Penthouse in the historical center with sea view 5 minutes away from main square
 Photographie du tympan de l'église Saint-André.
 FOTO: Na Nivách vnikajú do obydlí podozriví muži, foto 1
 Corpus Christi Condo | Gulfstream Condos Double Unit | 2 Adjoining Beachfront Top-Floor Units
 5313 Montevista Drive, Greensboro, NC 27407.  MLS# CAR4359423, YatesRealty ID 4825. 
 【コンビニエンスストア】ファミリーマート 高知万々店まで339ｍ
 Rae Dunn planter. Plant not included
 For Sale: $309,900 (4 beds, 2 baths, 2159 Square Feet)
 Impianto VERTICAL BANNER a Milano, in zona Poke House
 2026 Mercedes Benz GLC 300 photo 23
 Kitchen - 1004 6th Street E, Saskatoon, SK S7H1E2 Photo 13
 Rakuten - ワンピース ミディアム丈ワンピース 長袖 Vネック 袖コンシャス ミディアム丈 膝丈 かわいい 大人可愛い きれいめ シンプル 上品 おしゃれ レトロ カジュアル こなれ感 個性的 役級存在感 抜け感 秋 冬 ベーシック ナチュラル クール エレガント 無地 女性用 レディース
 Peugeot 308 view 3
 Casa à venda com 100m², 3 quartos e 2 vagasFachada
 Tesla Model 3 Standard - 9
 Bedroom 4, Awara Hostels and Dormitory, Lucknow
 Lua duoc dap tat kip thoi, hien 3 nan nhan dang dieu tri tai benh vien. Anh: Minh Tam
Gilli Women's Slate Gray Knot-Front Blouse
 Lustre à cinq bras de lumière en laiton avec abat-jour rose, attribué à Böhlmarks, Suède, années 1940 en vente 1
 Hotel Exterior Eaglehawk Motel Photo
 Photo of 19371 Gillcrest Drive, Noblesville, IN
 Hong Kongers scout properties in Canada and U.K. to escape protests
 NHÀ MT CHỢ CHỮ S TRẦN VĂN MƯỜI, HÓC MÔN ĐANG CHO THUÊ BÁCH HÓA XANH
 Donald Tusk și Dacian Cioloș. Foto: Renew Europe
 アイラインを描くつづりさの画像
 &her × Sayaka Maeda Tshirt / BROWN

▶ Exercise requirements: Reproduce the lines word for word, starting at the one holding "Lustre à cinq" and ending at the final line of the material above.

▶ Finished exercise:
 Lustre à cinq bras de lumière en laiton avec abat-jour rose, attribué à Böhlmarks, Suède, années 1940 en vente 1
 Hotel Exterior Eaglehawk Motel Photo
 Photo of 19371 Gillcrest Drive, Noblesville, IN
 Hong Kongers scout properties in Canada and U.K. to escape protests
 NHÀ MT CHỢ CHỮ S TRẦN VĂN MƯỜI, HÓC MÔN ĐANG CHO THUÊ BÁCH HÓA XANH
 Donald Tusk și Dacian Cioloș. Foto: Renew Europe
 アイラインを描くつづりさの画像
 &her × Sayaka Maeda Tshirt / BROWN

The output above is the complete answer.